Looking back, we have learned that it is very rare for the Fed to raises interest rates when stocks are acting as badly as they have been and are being now.
Should the FOMC follow through with their expected fed funds rate hike Wednesday, it would be the 1st time since Y 1994 they tightened in such challenging market.
Where we stand now, the S&P 500 is down over the last 3, 7 and 12 months, a backdrop that has accompanied just 2 of 76 rate increases since Y 1980.
The statistic is another look into the divide between markets and the economy, a split that has forecasters trying to draw connections between the 2 Key components
While. 50% the S&P 500 sits in a Bear market and groups like financials and transports fall day after day, some Key economic data bolster the case of the rate hawks.
This is 1 reason investors will be focused on commentary about financial or market stability, looking for signs that the latest volatility is catching the eye of Fed officials.
This market action presents a dilemma for the Fed, as the financial markets are telling them no more hikes. But the economic data suggest that further tightening may well be appropriate in here.
While the role of markets in the Fed’s policy calculus is endlessly debated, the fact is, since Y 1980, rate hikes have almost always come during good times for stocks.
On average, the S&P 500 is up 4.1%, 6.9% to 11% over the previous 3, 6 and 12 months when tightening occurs. The exception was in the 1970’s, when the Fed ignored market turmoil to combat inflation that was running at 7%+ a year.
The economy looks nothing like that now.
Consumer prices have stayed below 3% for the past 6 years and at a growth rate of 3.5%, it is hard to frame GDP as overheating. The opposite concern seems to be driving equities, with recession mentions getting more numerous in professional commentary. But there is no recession is sight.
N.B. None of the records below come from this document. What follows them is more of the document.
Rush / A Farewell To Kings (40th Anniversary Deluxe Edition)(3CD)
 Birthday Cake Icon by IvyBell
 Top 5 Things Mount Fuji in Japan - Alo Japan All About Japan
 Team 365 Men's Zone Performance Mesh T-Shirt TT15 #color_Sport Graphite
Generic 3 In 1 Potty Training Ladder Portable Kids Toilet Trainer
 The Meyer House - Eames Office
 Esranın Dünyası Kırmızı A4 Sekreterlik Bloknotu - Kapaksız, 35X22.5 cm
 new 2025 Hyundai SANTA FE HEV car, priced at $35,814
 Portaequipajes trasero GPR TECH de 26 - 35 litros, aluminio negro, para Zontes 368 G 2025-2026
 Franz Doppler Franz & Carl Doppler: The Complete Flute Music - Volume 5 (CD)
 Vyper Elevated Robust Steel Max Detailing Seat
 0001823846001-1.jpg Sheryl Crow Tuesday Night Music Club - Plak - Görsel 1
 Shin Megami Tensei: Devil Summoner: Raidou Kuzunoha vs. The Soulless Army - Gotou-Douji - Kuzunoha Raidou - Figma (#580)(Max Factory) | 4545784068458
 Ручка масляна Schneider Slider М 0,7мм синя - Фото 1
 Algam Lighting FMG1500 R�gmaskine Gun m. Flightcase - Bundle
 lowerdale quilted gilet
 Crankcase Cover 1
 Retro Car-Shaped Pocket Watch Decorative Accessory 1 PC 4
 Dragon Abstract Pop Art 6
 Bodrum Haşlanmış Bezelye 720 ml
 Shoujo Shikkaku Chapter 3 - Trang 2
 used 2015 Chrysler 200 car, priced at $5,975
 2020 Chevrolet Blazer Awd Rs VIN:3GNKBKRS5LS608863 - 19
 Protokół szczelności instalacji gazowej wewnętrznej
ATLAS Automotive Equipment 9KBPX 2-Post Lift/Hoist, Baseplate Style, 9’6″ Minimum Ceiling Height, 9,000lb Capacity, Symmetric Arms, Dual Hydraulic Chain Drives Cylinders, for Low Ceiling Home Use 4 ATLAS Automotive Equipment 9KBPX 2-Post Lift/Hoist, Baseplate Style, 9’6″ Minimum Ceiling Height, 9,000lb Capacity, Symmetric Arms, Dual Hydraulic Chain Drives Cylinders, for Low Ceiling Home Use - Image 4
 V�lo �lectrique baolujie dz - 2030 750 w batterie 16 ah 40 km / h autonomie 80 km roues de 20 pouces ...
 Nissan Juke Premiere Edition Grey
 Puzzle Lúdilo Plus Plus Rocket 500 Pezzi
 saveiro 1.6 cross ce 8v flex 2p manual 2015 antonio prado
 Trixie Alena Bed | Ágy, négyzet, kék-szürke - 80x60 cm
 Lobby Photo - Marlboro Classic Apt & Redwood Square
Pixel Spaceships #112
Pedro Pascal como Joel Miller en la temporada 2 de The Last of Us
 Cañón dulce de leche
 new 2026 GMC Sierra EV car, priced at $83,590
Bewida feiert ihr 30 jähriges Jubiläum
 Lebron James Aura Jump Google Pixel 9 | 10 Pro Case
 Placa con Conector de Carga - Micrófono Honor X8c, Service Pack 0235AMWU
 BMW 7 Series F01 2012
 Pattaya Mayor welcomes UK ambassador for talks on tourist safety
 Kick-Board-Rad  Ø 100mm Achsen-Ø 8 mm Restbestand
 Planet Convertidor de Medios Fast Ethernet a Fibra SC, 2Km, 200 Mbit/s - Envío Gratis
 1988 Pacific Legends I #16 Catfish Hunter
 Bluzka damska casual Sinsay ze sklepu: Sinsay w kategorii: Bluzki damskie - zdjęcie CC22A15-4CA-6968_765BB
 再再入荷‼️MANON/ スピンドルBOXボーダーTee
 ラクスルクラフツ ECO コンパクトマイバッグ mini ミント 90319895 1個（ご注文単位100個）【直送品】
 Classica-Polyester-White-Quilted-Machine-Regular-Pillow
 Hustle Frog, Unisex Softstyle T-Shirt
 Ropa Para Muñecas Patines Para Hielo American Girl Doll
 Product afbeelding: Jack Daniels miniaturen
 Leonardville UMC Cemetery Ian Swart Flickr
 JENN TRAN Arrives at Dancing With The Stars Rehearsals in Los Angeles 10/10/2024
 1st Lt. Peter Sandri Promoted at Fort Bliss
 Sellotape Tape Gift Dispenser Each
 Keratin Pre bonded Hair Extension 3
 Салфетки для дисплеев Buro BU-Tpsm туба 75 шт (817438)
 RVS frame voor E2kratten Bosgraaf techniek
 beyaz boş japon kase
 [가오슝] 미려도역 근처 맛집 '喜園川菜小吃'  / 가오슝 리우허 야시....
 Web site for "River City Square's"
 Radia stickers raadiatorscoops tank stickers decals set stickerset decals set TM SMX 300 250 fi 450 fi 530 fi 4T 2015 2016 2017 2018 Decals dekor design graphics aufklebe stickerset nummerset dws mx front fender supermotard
While a Fed report earlier this month said it viewed financial-stability concerns as moderate the stock market rout that has erased $3-T from American equity values has many calling for a halt.
The Big Q: Are stocks be sending a message that the data has yet to reflect?
The Big A: Some strategists think Yes.
They are convinced 8 rate increases in 3 years have been enough for an economy threatened by everything from US-China trade dispute to BREXIT and a global growth slowdown.
The Fed is scheduled to announce its decision on Wednesday, 19 December at the conclusion of its 2-day meeting. And most economists predict a rate increase.
We believe that the Fed needs to deliver on a more dovish stance to avoid disappointing financial markets.
A rate increase looks likely, but signs of flexibility from the Fed have caused markets to scale back the expected pace of tightening in Y 2019.
Recall, that in December 2015, then Fed Chairwoman Janet Yellen pushed ahead with the 1st rate increase of the cycle just 2 months after the S&P 500’s worst fall in 4 years. Stocks summarily slid into a 10% correction and she delayed more hikes for a year.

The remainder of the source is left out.